Silencieux, le jeune garçon s’exaspère. À chaque fois qu’il est interrompu dans ses recherches, qu’il quitte des yeux – ne serait-ce que l’espace d’un battement – le cours de la Rivière, celle-ci se voile à son regard et il doit accomplir un effort surhumain pour la maintenir dans la bulle qu’il nourrit de son énergie. La mélopée l’aide à se concentrer. Son esprit tout entier est dirigé vers une seule image, celle d’une petite fille perdue dans le flux temporel. Le froid engourdit ses membres, la pluie alourdit ses vêtements, ses bottes dérapent sur la boue traîtresse, mais rien ne peut interrompre sa quête. Remontant le courant ou bien le descendant, empruntant les torrents, louvoyant d’un affluent à un autre, il dissémine dans les eaux hasardeuses un appel contenu dans des saphirs bruts. L’écho de ces pierres résonne à travers le tissu du temps, de son aube à son crépuscule.

Le jeune garçon attend. Il attend depuis dix mille ans. Il attend depuis une heure. Il attend une réponse.

Alors qu’il emprunte une sempiternelle boucle, enjambant au passage une pierre moussue couverte d’écume, son cœur se met à palpiter. Une détonation étouffée, suivie d’une onde de choc, assez puissante pour faire vibrer le tissu même de l’Univers et interrompre son souffle un instant infinitésimal. Puis un hurlement déchire ses tympans et résonne dans son crâne, arrêtant net ses pensées. La bulle de suspension vacille. Il parvient à la maintenir au prix de lourds efforts douloureux. En sueur, suffocant, il se redresse et concentre toute son attention sur l’un des cailloux semés durant ses recherches.

Il découvre alors la divinité obscure, sculptée dans la fumée noire, marcher dans le Désert de Désolation. Sous l’effet d’une onde électrique, son dos se redresse instantanément. Ses yeux suivent la silhouette aux courbes familières. Les longs cheveux filés d’ombres flottant dans les vents chaotiques.
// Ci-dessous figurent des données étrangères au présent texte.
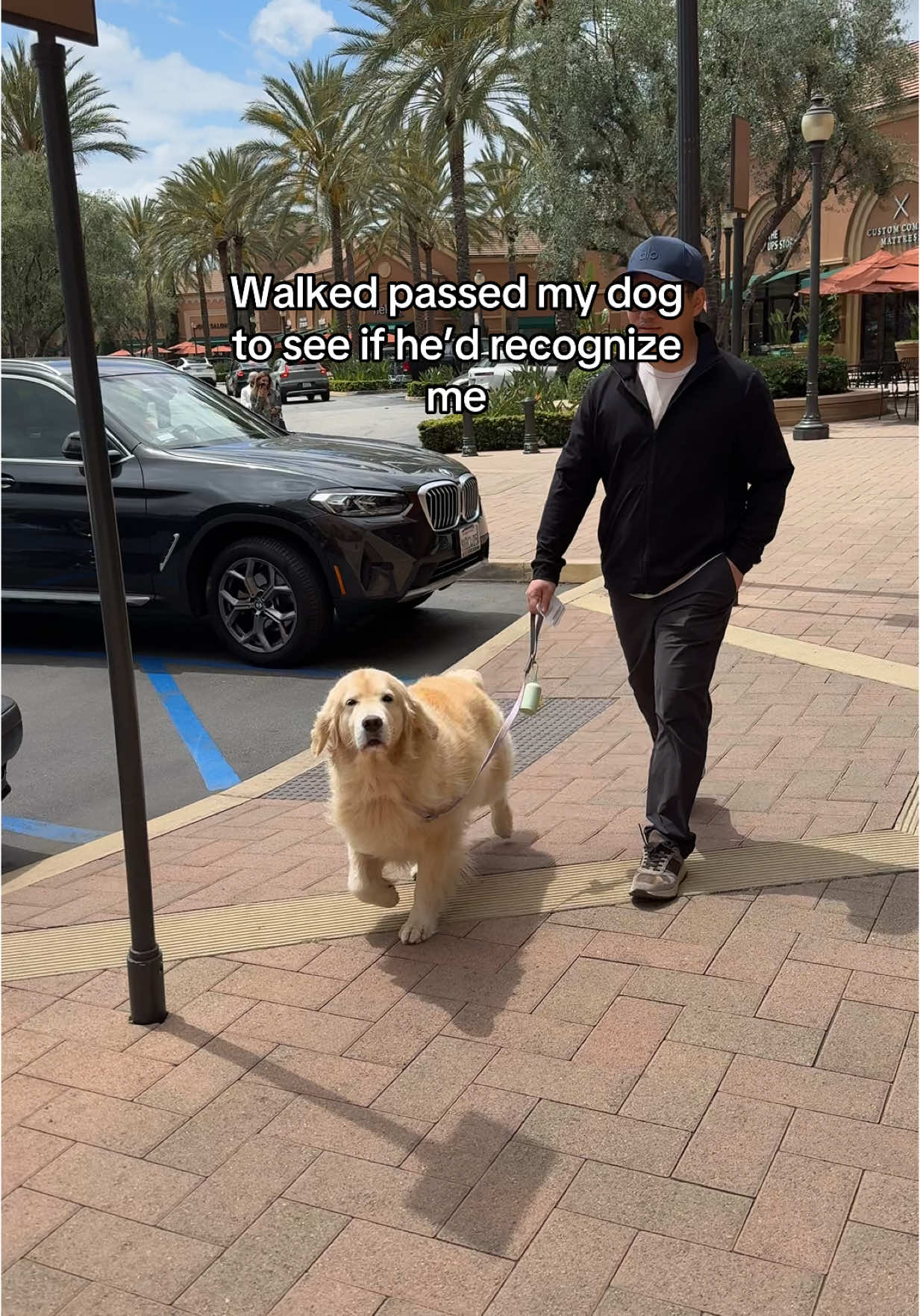 Another attempt! Now I am convinced that me and Maui will find each other in every lifetime #goldenretriever #souldog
Le garçon voit la déesse oubliée s’enfoncer dans les eaux de la rivière. Il l’observe se pencher pour ramasser sa balise, scintillante sous la surface. Puis il pousse un cri d’effroi lorsqu’elle trébuche et sombre sous les flots de souvenirs.

Sans même reprendre sa respiration, le voilà qui se précipite telle une fusée à travers le désert, louvoyant entre les illusions du chaos et les nids de chenilles voraces. En quelques enjambées, il a rejoint la berge de la Rivière. Sur la plage de limon jaune-brun, le jeune garçon déchausse ses bottes et entre dans les eaux calmes ; ou plutôt, il marche à leur surface. Ses yeux scrutent les environs, son esprit cependant encombré par le flot tempétueux de mémoires invasives.
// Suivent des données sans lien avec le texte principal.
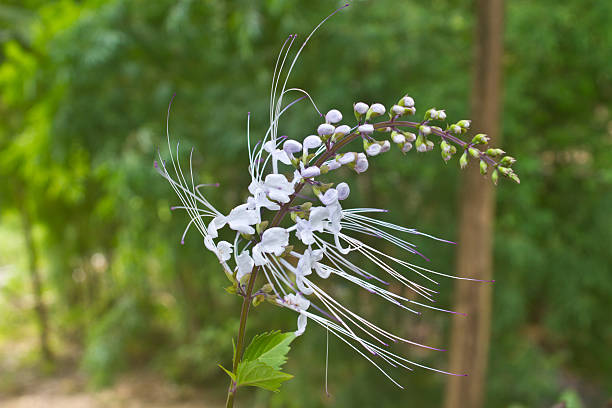 flower from Thailand flower from Thailand, Cat's whiskers flowers, Orthosiphon stamineus, in the garden orthosiphon aristatus stock pictures, royalty-free photos & images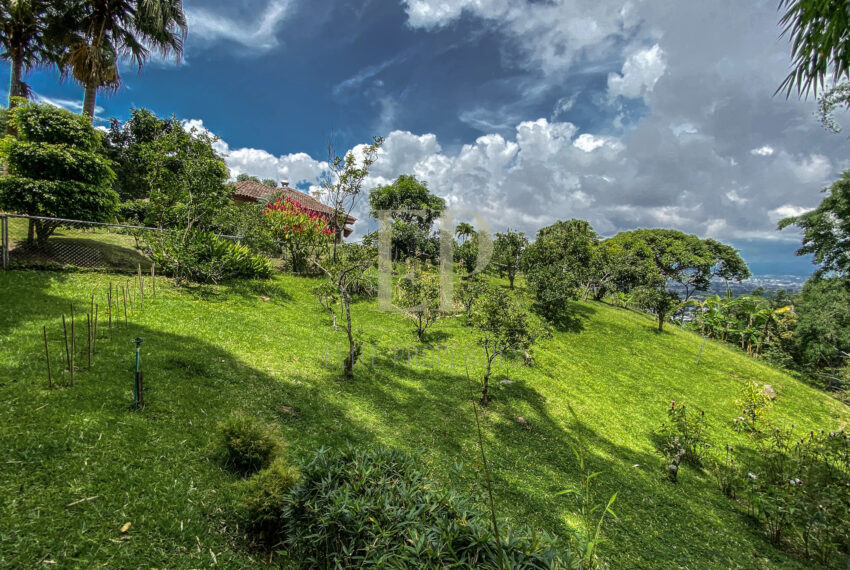 costaricaphotographer_0029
Il s’entoure alors d’une bulle isolante dans laquelle, nourri par l’air pur de ses seules pensées, il se trouve à l’abri des méandres de souvenirs qui ne manqueraient pas de le rendre fou. Protégé par son cocon transparent, l’adolescent se met à descendre le courant. Ses pensées isolées, il ne peut se fier qu’à ses yeux, qui ne cessent de parcourir le moindre sillon d’écume, la plus infime vaguelette. Aucun besoin pour lui de se diriger, il connaît par cœur chaque segment de la Rivière à force de la parcourir de sa source à son embouchure.
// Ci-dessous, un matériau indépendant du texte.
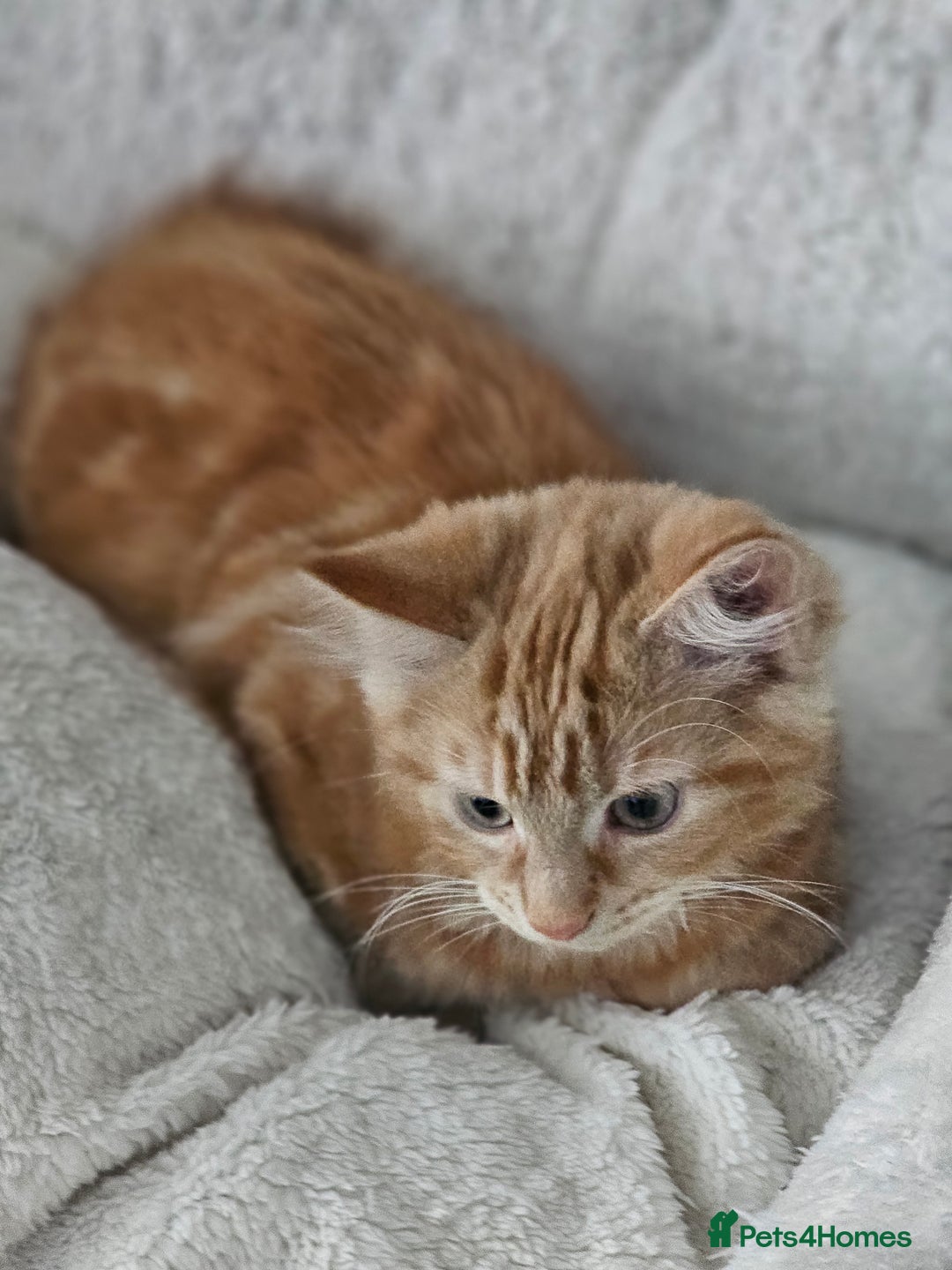 Maine Coon cats for sale: Maine X - Image 2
Au terme de la boucle, il tombe sur les rapides. Les eaux démentes sillonnent entre les pierres grises couronnées d’écume blanche. Le bruit assourdissant est ponctué des échos – joyeux, tristes, colériques, suppliants ou chantants – des milliards de souvenirs enfouis sous la surface. À partir des fils de ses pensées, comme pour la bulle d’isolement, le jeune garçon tisse une paire de skis. Après les avoir enfilés, il commence à glisser sur le torrent. Sous l’effet de son cœur battant, sa poitrine se soulève à toute allure, ses côtes broyées par l’angoisse. Il hurle pour étouffer le vacarme.

─ Où es-tu ?! Réponds-moi ! Je t’en prie !

Bientôt ses cris se muent en prières pour lui-même.

─ Où es-tu ? Fais-moi un signe. S’il te plaît... Quelqu’un... Peut-être... Dis quelque chose... Montre-toi... Pas encore, pas encore. Je... S’il te paît. Dis quelque chose.

Tic tac ! Tic tac !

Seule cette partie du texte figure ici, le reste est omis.